This is getting more ridiculous with every next post..
This is what i said. Lets quote the entire paragraph rather then your little selective quote.
Indeed, let's.
zzz said:
Given the Wii U's slow MEM2 bandwidth, it's also a fair assumption to say it's unlikely the GPU has more then 8 ROPs. ROPs are heavily dependant on bandwidth, there would be absolutely no point going with any more then 8 ROPs on a MEM2 bus as slow as the Wii U's. The Xbox 360's architecture had the ROPs tied to its eDRAM via a high speed bus, that also doesn't seem to be the case with the Wii U. The Wii U's eDRAM seems to be implamented differently and not tied into the ROPs, nor is the Wii U's eDRAM capable of offering bandwidth in the same ball park as that in the Xbox 360. If anything the Wii U's ROPs may be worse in performance then those in the Xbox 360 due to the shit bandwidth. Either way 8 ROPs for a modern day console is terrible.

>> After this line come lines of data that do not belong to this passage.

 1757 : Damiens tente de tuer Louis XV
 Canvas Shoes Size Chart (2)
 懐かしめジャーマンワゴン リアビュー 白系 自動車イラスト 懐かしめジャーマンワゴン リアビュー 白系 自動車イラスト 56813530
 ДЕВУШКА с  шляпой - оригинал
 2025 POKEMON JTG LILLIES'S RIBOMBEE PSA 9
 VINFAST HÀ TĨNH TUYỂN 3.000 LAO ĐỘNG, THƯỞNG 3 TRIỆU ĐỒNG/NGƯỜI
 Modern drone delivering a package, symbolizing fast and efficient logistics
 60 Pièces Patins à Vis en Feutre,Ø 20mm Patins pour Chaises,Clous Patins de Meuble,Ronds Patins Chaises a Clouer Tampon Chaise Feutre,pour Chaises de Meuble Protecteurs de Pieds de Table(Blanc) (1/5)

Is that line i've underlined wrong?
Yes, it is wrong.
You have two memory pools A and B available to a GPU. A being of known parameters (size, bandwidth, etc), B - an unknown, outside of its size. ROPs work with pool B, while both pools A and B service asset fetches. Any statement, 'Pool A has such and such BW characteristics, so that ROP numbers should be such and such.' is nonsense - you have neither the BW available to ROPs alone, nor the cumulative bandwidth available for GPU assets.
Here's a hypothetical question for you: what if pool A was not present (or GPU could not directly read assets from it), how many ROPs should a GPU outputting to pool B have? 0?

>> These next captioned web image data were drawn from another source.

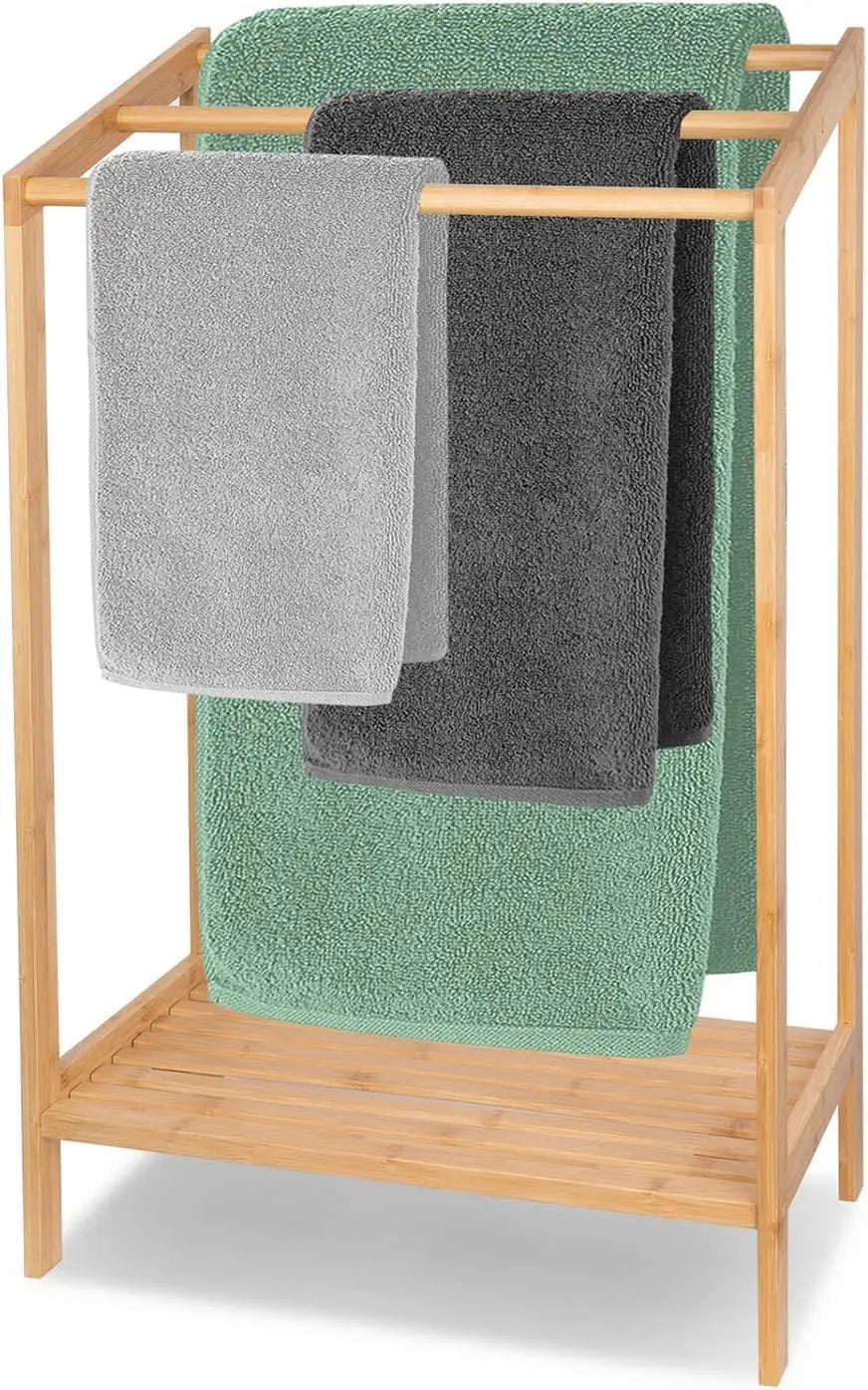 3-Tier Bamboo Freestanding Towel Rack – Bathroom Organizer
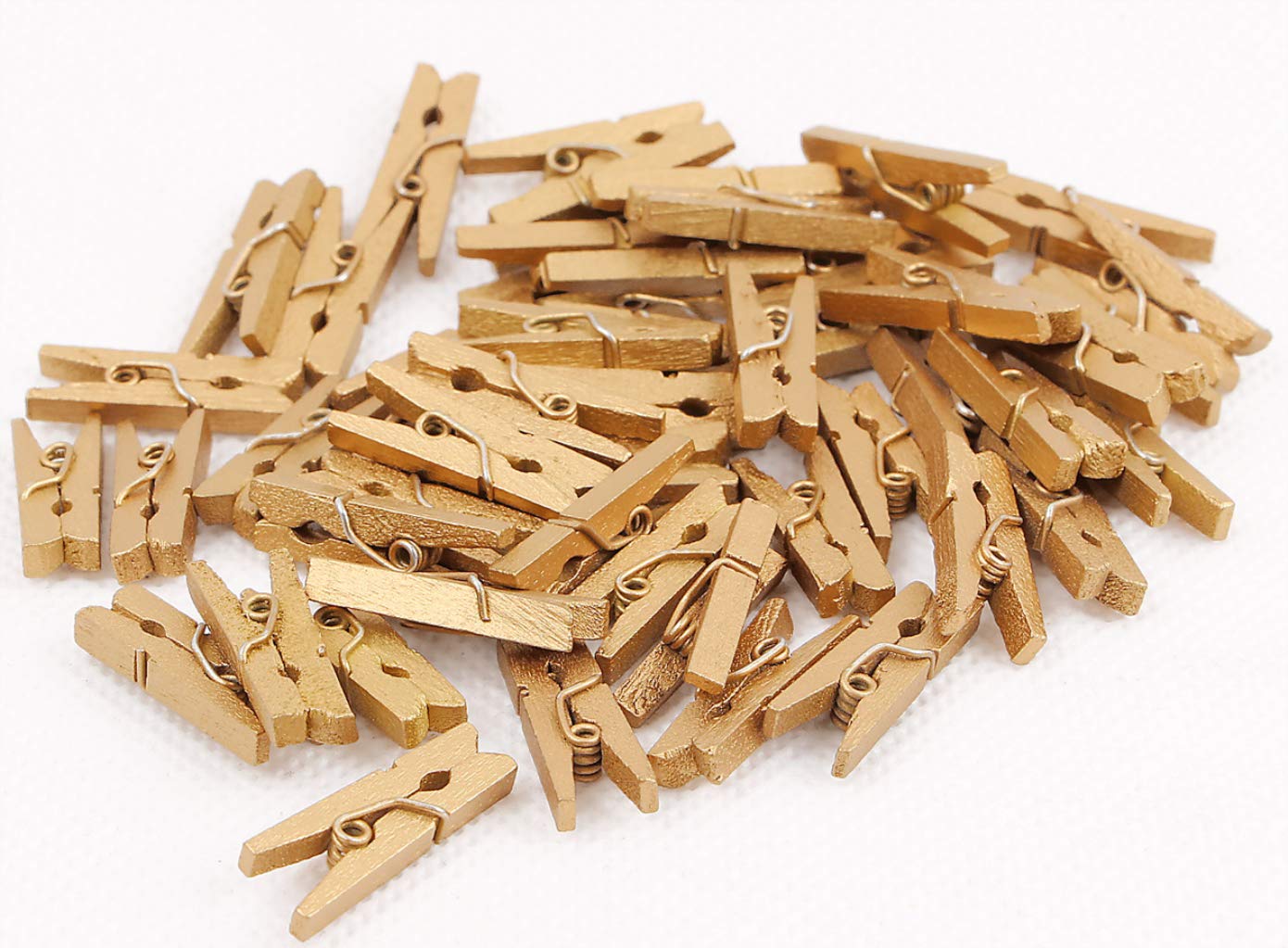 Small Wooden Clips Cute 1.5 Inch Clothespin Photo Paper Diy Craft Holder with Jute Twine Gold Pack 50 (50 Count)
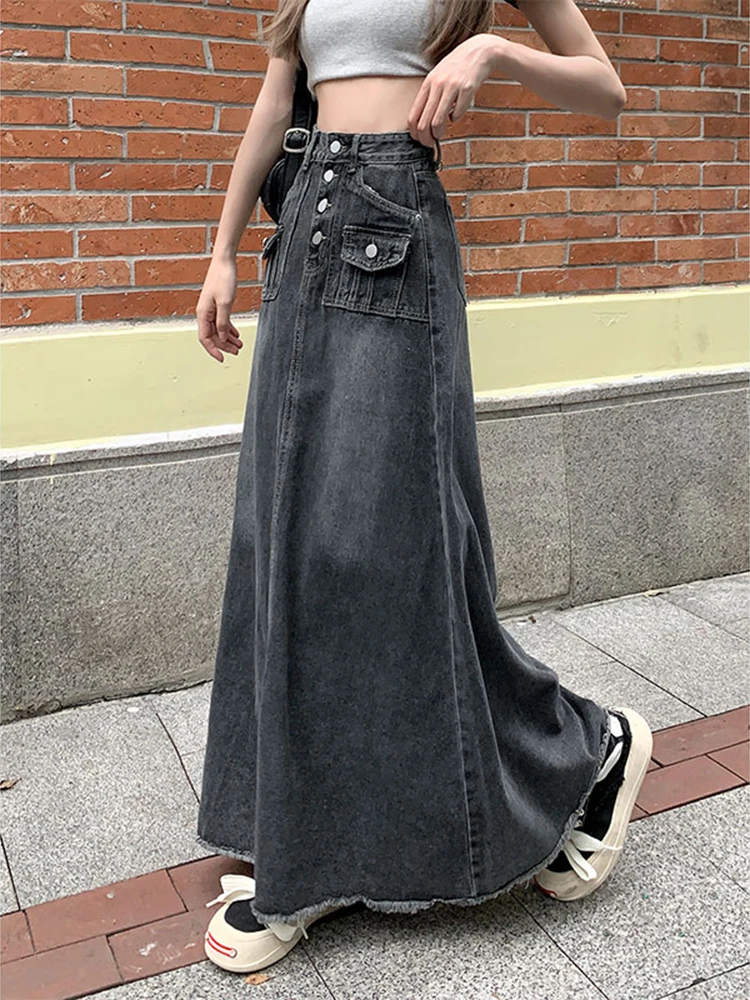 Retro Gray Maxi Long Denim Skirt Women Y2k Tassel Buttoned Bleached Blue Jeans Skirt Oversize Vintage High Waist Acubi Fashion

And here's another one, this time non-hypothetical: how many ROPs do you think PS2's GS had, given its link to the main mem was rated at 1.2GB/s? GS has a top fillrate of 1.2GPix/s when texturing (2.4GPix/s sans texturing), compared to Xenos' 4GPix/s. By your reasoning, GS should have had 22.4 * 1.2 / 4 = 6.72GB/s BW from main mem for GS to have as many as 8 ROPs. Now, humor me and check the actual specs.
Does that sentence state the 8 ROPs are directly and physically tied in to the MEM2 bus?
No it doesn't.
So '8 ROPs on a MEM2 bus' in that underlined passage is supposed to mean what exactly?
Thus why i then went on to talk about the eDRAM in the XBox 360 and its relationship with ROPs and compared that to what i believe the Wii U's eDRAM is structured like. As it's obvious to even blind freedy 12.8 gigabytes per second isn't going to be enough. Even with the eDRAM, for certain ROP functions you're going to have to use the main memory. With MEM2 bandwidth as slow as the Wii Us, ROPs are going to be very limited in performance.
What are those 'certain ROP functions' you need main mem for?
In short piss of with your selective quoting and intentional misinterpretation of my post.
Edit: Also you are a fool if you believe the Xbox 360's ROPs didn't use its GDDR3 memory pool for ROP related tasks. IT DID. The eDRAM in the Xbox 360 wasn't sufficent to store every thing you'd need to feed the ROPs.
http://www.beyond3d.com/content/articles/4/3
Which again highlights why the Wii U's MEM2 bandwidth is important even for ROP performance. And why the low bandwidth of the Wii U's MEM2 pool strongly suggests this console has similar ROP performance to the Xbox 360. MEM2 performance is still a limiting factor in ROP performance.
In what way, form or manner do you believe that article supports you claims? Apropos, 360's GDDR3 is the
sole pool capable of feeding assets to Xenos (locked L2 non-withstanding). That means that every single render target (RTT) had to be first resolved to main mem, and then read back from there. In contrast, U-GPU is able to skip the entire roundtrip to main mem for all cases where the former and current rendertargets fit in eDRAM. Furthermore, Xenos' 256GB/s of ROP-only BW served one purpose and one alone - to provide free MSAAx4 with alpha blending (which, apropos, went down the drain the moment tiling was involved). Its actual eDRAM bus BW of 32GB/s serves perfectly well the 4GPix/s of max color fillrate that Xenos actually had, sans blending. For blended color pixels sans MSAA, a 64GB/s BW would've sufficed.
edit: Ok, I did neglect the 32GSample/s of zexel performance, which too, is enabled by the 256GB/s BW, but that has little to do with main mem BW.